DATA IN THIS EXERCISE:

=== Section Start ===

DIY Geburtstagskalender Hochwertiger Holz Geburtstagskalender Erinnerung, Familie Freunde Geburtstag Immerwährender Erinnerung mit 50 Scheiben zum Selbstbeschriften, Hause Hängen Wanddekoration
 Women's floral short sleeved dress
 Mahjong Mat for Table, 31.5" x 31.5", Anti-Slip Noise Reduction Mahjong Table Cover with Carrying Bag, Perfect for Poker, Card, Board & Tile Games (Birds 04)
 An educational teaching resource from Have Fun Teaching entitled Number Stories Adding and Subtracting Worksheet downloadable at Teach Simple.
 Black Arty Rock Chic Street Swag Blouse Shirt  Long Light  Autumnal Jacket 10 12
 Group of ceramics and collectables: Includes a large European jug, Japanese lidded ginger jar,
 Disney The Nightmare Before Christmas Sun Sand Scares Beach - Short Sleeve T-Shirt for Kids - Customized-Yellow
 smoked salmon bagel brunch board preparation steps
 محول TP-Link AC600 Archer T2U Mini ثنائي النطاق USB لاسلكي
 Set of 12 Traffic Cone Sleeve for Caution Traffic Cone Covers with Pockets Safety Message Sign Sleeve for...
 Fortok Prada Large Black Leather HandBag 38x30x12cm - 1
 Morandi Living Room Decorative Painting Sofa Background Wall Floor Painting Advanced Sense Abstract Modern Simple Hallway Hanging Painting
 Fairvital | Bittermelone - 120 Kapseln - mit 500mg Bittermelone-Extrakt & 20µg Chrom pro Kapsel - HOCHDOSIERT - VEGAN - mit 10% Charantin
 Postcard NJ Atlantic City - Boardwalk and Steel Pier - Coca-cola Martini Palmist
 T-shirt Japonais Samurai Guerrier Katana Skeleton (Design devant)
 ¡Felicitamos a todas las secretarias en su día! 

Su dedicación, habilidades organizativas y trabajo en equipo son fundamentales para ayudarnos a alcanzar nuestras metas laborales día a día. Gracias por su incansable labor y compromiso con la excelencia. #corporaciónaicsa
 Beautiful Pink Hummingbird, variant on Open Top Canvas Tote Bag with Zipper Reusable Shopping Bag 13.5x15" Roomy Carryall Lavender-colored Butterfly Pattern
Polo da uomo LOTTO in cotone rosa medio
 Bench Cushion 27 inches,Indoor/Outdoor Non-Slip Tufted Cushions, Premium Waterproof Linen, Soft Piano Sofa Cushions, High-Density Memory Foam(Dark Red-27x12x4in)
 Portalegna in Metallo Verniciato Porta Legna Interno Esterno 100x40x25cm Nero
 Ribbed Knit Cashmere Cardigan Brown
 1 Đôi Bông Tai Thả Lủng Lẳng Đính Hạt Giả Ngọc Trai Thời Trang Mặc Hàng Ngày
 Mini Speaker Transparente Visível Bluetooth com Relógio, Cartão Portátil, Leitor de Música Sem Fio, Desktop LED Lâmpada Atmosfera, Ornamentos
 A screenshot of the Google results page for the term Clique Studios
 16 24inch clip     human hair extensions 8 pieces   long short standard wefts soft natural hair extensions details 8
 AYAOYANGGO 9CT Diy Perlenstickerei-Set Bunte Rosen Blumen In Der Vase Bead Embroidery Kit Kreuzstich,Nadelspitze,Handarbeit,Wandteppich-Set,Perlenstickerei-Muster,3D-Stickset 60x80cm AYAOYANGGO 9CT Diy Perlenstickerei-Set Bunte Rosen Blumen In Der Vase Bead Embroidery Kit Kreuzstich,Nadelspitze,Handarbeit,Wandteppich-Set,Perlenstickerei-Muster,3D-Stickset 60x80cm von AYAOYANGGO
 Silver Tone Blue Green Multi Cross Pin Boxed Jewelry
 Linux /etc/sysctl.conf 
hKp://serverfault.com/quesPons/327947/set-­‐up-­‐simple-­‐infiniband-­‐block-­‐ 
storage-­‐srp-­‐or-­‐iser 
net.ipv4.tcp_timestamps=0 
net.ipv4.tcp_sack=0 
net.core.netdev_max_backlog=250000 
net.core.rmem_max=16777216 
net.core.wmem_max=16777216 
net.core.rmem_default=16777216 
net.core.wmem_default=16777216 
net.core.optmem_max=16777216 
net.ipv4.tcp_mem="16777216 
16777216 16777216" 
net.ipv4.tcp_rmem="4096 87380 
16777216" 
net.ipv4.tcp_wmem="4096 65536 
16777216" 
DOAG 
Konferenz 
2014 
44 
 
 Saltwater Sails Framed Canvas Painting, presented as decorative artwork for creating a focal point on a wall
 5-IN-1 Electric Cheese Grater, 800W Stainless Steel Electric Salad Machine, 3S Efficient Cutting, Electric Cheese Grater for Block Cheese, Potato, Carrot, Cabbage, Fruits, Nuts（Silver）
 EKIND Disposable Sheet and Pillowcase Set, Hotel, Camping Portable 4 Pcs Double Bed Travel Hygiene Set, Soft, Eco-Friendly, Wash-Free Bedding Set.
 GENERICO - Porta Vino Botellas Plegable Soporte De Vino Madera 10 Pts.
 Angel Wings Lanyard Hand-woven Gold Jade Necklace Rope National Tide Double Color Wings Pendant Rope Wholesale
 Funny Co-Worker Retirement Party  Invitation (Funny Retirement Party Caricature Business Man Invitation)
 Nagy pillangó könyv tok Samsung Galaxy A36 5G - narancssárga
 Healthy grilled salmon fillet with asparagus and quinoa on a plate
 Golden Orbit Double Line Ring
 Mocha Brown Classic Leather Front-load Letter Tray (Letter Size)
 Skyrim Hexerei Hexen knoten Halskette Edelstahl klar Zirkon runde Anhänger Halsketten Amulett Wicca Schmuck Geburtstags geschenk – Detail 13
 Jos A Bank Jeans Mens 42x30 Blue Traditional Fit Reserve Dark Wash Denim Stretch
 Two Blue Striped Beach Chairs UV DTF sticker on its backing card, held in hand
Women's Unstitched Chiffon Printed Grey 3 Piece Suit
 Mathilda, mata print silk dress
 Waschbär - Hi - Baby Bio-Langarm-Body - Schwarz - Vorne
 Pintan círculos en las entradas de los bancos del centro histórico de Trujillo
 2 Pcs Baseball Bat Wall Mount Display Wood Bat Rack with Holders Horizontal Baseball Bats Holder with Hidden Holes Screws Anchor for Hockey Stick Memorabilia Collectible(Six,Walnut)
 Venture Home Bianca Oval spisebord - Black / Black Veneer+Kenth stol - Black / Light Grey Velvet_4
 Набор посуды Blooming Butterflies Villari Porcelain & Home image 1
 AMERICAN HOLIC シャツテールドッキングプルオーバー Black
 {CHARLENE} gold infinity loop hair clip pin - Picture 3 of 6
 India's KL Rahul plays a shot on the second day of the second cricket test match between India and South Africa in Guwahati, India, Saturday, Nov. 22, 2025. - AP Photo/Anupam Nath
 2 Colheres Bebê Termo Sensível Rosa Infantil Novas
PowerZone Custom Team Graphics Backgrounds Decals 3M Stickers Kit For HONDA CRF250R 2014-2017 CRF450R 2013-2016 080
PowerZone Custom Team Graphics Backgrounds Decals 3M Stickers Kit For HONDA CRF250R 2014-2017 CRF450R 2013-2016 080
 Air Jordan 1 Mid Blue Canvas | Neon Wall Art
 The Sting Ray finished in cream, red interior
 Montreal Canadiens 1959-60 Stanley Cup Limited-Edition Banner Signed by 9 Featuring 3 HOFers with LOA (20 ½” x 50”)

=== Section End ===

WHAT TO PRODUCE: Copy every line of the listing where the word "Black" appears.

ANSWER FOR THIS EXERCISE:
 Black Arty Rock Chic Street Swag Blouse Shirt  Long Light  Autumnal Jacket 10 12
 Fortok Prada Large Black Leather HandBag 38x30x12cm - 1
 Venture Home Bianca Oval spisebord - Black / Black Veneer+Kenth stol - Black / Light Grey Velvet_4
 AMERICAN HOLIC シャツテールドッキングプルオーバー Black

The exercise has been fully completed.